Proportional operating cash return in FY 2022 was 11.4% compared to
10.2% in FY 2021. The impairments in HY1 2022 led to an increase of
the FY operating cash return by 0.4 percentage points. Proportional
operating cash return in FY 2022 includes lessor accounting,
excluding the impact of lessor accounting (0.6 percentage points),
the increase in operating cash return was 0.2 percentage points.
The change in the methodology of calculating proportional operating
cash return provides better insight into the cash generation of the
business.
- Total impairment charges in FY 2022
were EUR 481 million (FY 2021: EUR 71 million),
including the impairments of Europoort, Botlek and SPEC LNG as
announced in the first half 2022 report. An asset impairment charge
of EUR 17 million was recorded in the fourth quarter of 2022 for
the cash-generating unit Vopak Colombia, primarily related to
weakening of the business environment in which the terminal
currently operates and forecasted competition.

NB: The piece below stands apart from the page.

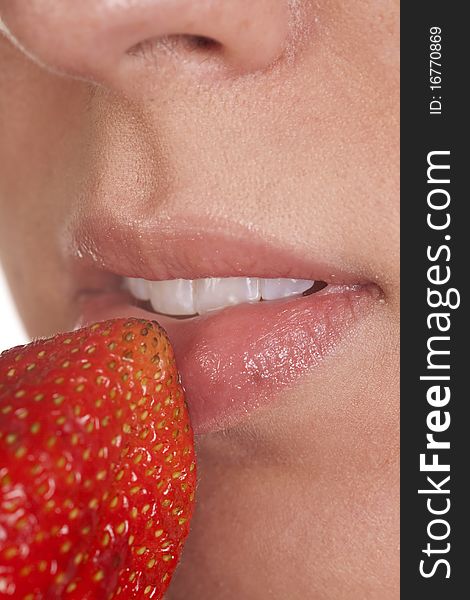 A close up of a womans lips with a red ripe strawberry. A close up of a womans lips with a red ripe strawberry.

- Net profit attributable to holders of ordinary
shares was EUR 294 million (FY 2021: EUR 298 million). Tax
charges increased as a result of the derecognition of the deferred
tax assets in the Netherlands in Q2 2022.
- The senior net debt : EBITDA ratio is 2.65x at
the end of year 2022 (FY 2021: 2.93x), within our previously
communicated ambition to keep senior net debt to EBITDA ratio in
the range of around 2.5-3.0x. Average interest rate on total debt
at the end of FY 2022 was 3.9% (FY 2021: 3.8%). Interest coverage
ratio at the end of FY 2022 stood at 8.4x (FY 2021: 8.4x), well
above the financial covenant of 3.5x.
- Proposed dividend of EUR 1.30 (2021: EUR 1.25)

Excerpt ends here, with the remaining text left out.